_What the task asks:_ Going from the top of the listing below to the line that holds "Definite Integration P", reproduce each line exactly; no pictures.
>>>>>
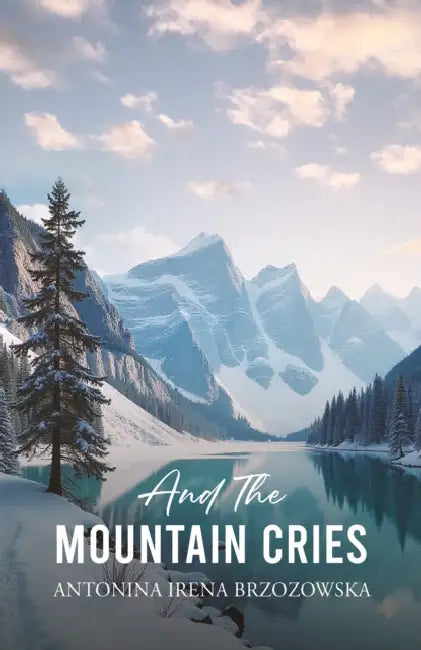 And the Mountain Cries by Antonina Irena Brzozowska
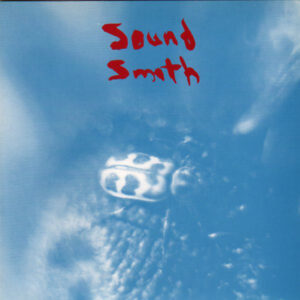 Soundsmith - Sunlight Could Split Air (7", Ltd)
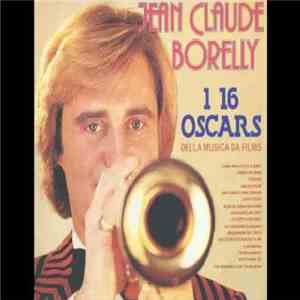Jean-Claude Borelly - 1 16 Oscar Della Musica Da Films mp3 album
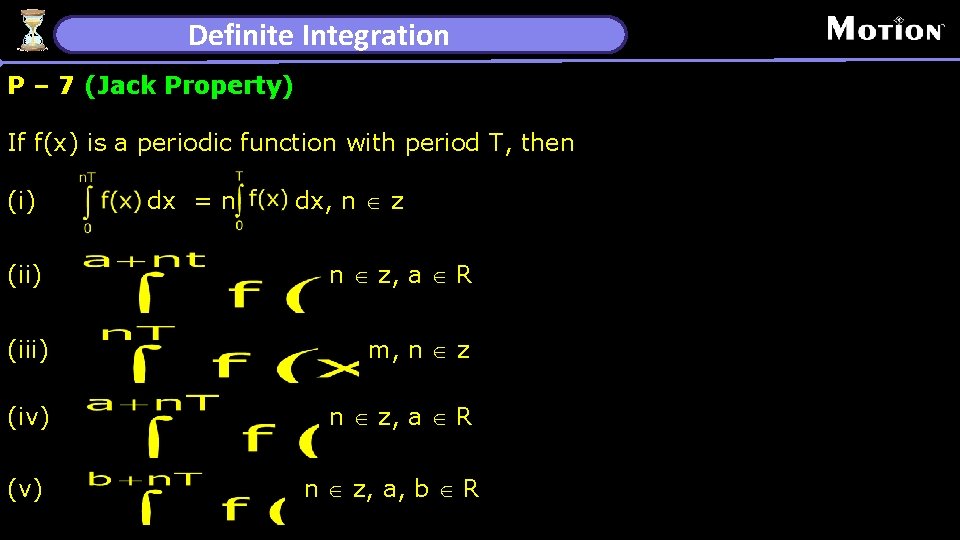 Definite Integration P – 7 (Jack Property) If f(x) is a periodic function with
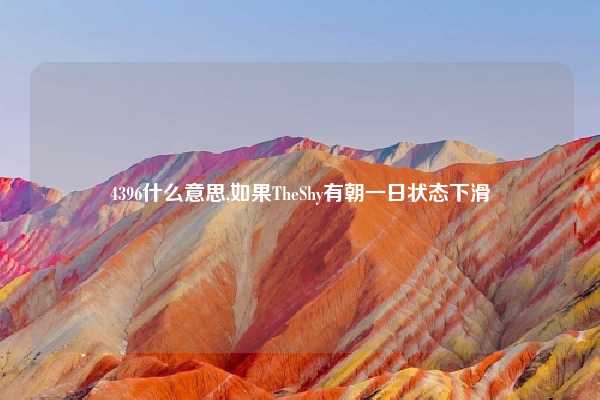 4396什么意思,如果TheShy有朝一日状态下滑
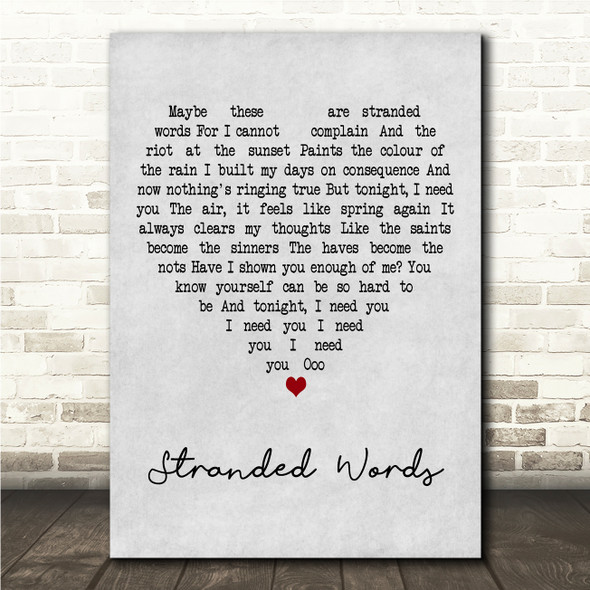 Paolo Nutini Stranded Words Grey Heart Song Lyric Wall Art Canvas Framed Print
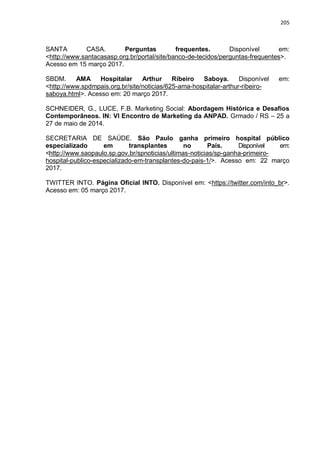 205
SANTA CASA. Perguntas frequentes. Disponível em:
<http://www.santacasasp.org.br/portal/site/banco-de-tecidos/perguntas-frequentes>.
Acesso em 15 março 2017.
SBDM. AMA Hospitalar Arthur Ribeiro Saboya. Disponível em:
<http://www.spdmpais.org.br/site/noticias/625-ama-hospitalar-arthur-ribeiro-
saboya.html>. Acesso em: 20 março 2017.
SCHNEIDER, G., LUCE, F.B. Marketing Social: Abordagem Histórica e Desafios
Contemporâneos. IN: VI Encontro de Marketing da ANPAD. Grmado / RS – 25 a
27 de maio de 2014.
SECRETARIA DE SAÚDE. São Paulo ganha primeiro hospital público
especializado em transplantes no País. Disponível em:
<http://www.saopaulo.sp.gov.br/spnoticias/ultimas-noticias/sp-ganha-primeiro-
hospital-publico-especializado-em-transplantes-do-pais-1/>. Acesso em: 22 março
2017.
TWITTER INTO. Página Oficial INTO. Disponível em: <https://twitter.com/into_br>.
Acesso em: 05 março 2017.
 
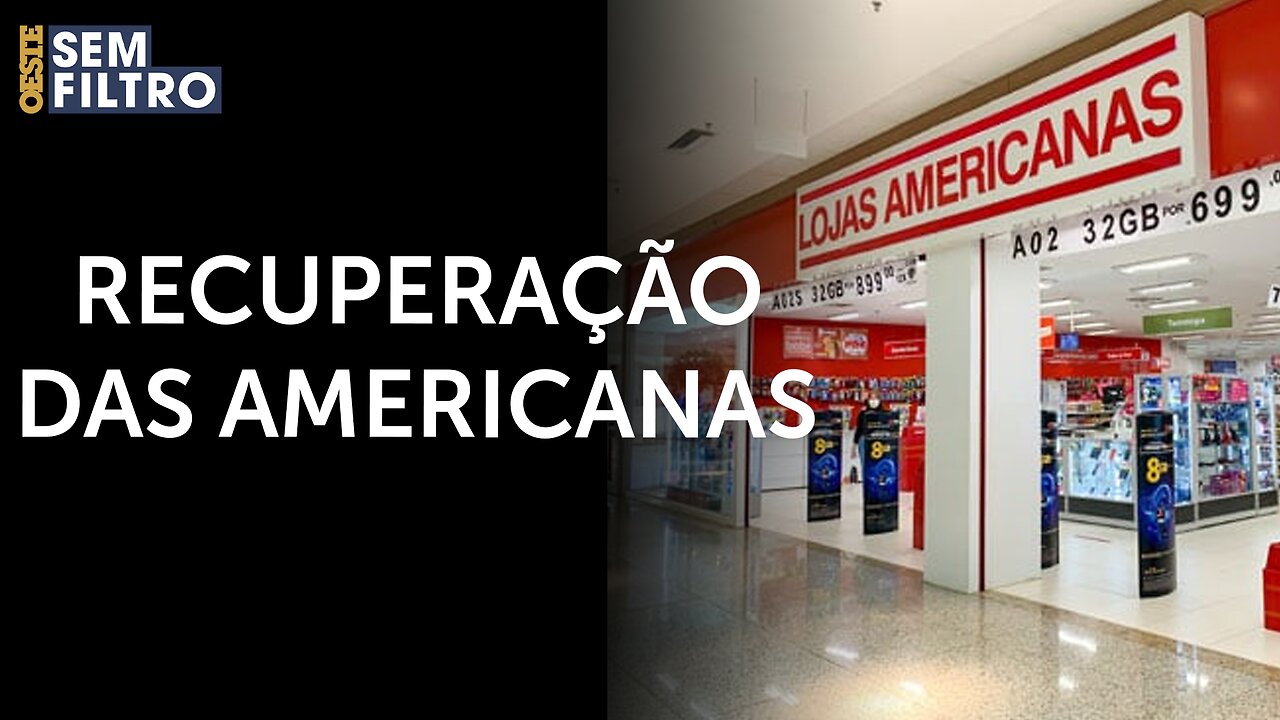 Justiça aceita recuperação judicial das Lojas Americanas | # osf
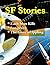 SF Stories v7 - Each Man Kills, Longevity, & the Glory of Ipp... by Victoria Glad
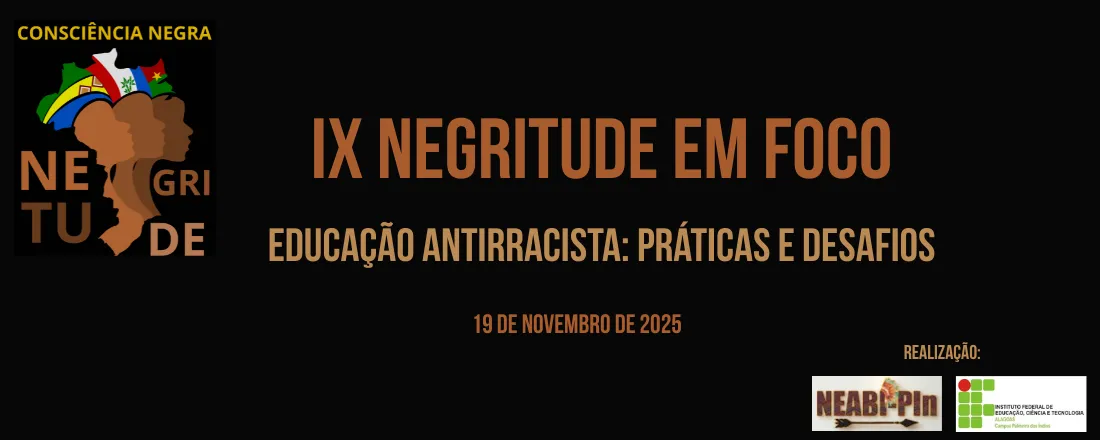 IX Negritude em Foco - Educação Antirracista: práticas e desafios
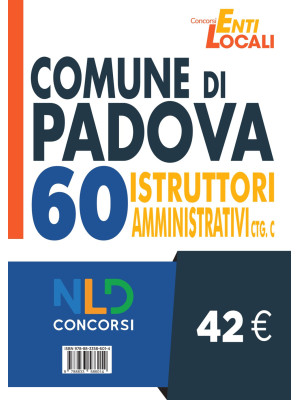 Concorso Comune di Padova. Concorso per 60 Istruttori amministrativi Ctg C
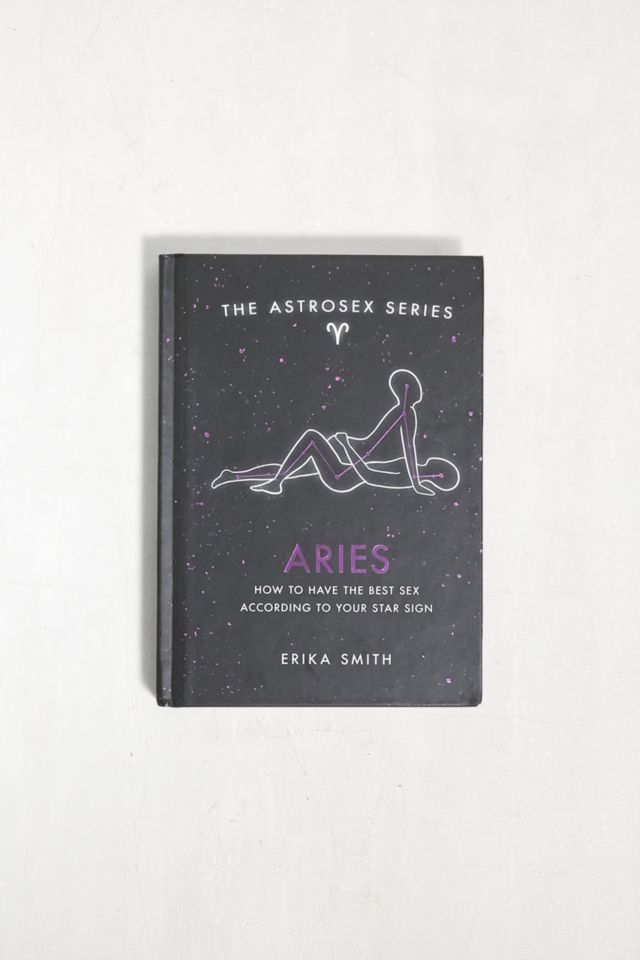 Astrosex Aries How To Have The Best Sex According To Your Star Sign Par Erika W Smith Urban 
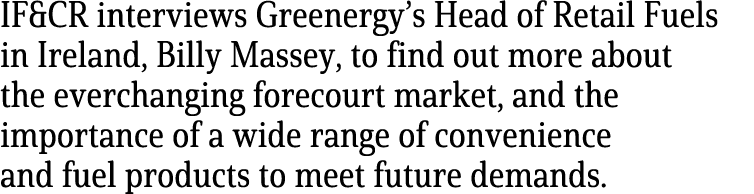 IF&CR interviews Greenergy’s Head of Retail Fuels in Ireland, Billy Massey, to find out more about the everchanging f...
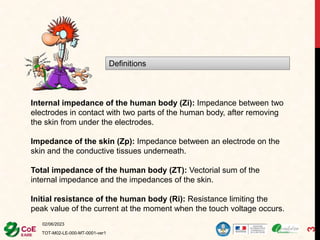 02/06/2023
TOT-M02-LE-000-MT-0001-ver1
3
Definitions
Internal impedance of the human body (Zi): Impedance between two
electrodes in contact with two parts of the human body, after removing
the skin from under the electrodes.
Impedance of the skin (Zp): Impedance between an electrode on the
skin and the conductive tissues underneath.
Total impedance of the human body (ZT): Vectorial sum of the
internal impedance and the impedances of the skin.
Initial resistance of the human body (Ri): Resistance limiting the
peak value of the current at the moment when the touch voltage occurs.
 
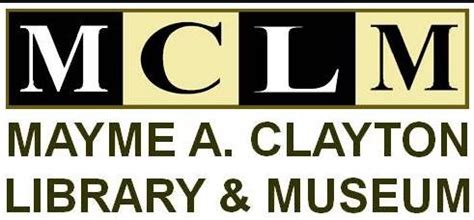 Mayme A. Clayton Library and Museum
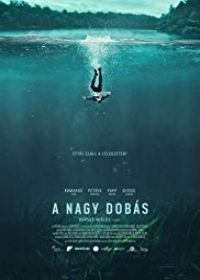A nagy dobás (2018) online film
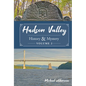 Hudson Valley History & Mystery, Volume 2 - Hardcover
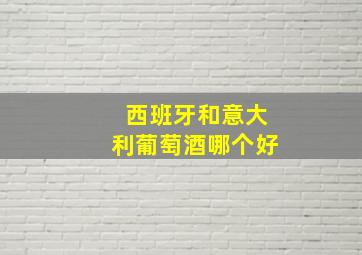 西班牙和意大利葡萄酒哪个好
<<<<<
_Task response:_
 And the Mountain Cries by Antonina Irena Brzozowska
 Soundsmith - Sunlight Could Split Air (7", Ltd)
Jean-Claude Borelly - 1 16 Oscar Della Musica Da Films mp3 album
 Definite Integration P – 7 (Jack Property) If f(x) is a periodic function with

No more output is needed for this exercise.